Last week I wrote about the “front end” of the college process, the SAT. This week I will address the back end: what the young adult in your family can expect to do with his or her college diploma, once it is in hand. There is a surprising, but reassuring similarity in the skills needed to succeed on the SAT and gain college admission, and the skills needed to successfully land and succeed in a first job after college.

These economic pressures have made things especially difficult for college graduates hoping to enter the job market. Yet no matter the state of the economy, graduating college students will find it more and more difficult to land fulfilling jobs in the years ahead, unless they take some basic steps to distinguish themselves.

Squeaking by with less-than-stellar grades may land your son or daughter a diploma, but it might not help him or her land a job offer. Employers are increasingly looking at college grades as part of their evaluative process and they are also beginning to test for basic skills such as writing, analytical thinking and quantitative reasoning before placing a job offer on the table.

Of course, one would think that students who fail to learn these skills would have a much harder time getting even to the campus gates, let alone graduating. That is true; in fact, putting aside for a moment the economic storm clouds of the past three years, the lesson of the of the past three decades is that basic skills – reading, writing and math – are the best predictors for SAT, college and labor market success. In the absence of those skills, the chances for a young adult to achieve the very best performance are severely limited.

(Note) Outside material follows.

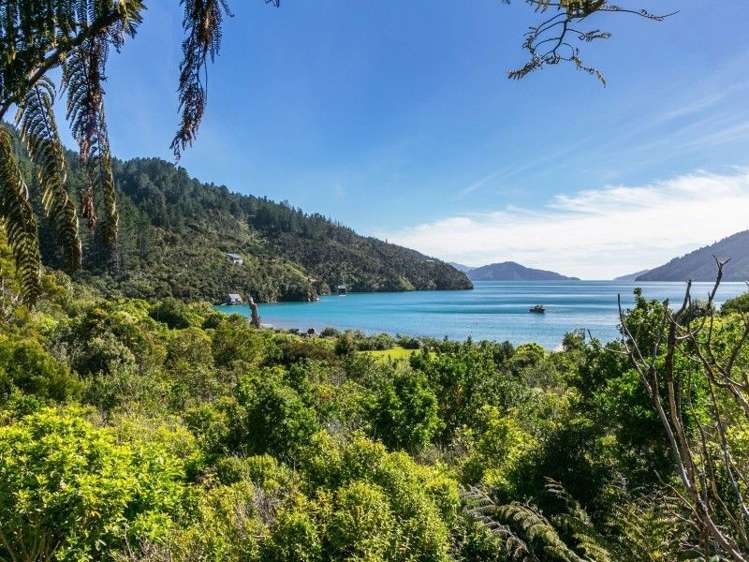 Maraetai Bay Marlborough_12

All that I have written so far may be hitting you like a particularly cold shower, especially at the start of this new academic year. But all is not bleak. There are some basic steps that you can encourage your young adult to take, so that he or she is developing a skill set of interest to employers, or at least attempting to match his or her skill set to employers’ expectations. These steps include:

  • Factoring interests and passions into choosing the right major. Tell your young adult to take the time to make an informed choice about his or her course of study. Too many students choose a major based upon what they think will earn them the biggest paycheck.
  • Studying field projections of majors before choosing one. A recently released book called College Majors Handbook, available at major bookstores, offers field projections for 60 different majors, letting students know which occupational fields are growing and which aren’t. For example, the demand for elementary school teachers is expected to increase at a below-average rate of 13 percent between 2002 and 2012, while the demand for special education teachers is expected to expand my more than 30 percent during the same time. Understanding differences like this can pay off when students have to decide where to specialize their degree.
  • Acquiring the basic skills needed to do certain jobs, and not just assuming that a degree, with an interesting major that fits field projections, will do the trick. Studying a job, and skills required for it, will help graduating students figure out whether that job would suit them, whether they have the skills needed for the job, and whether it is a job they would be interested in.

When all is said and done, most students will probably discover that strong basic skills such as writing, analytical thinking and quantitative reasoning can make or break their employability. And since those same skills are a prerequisite to success on the SAT or in college itself, maybe there is a method to the madness.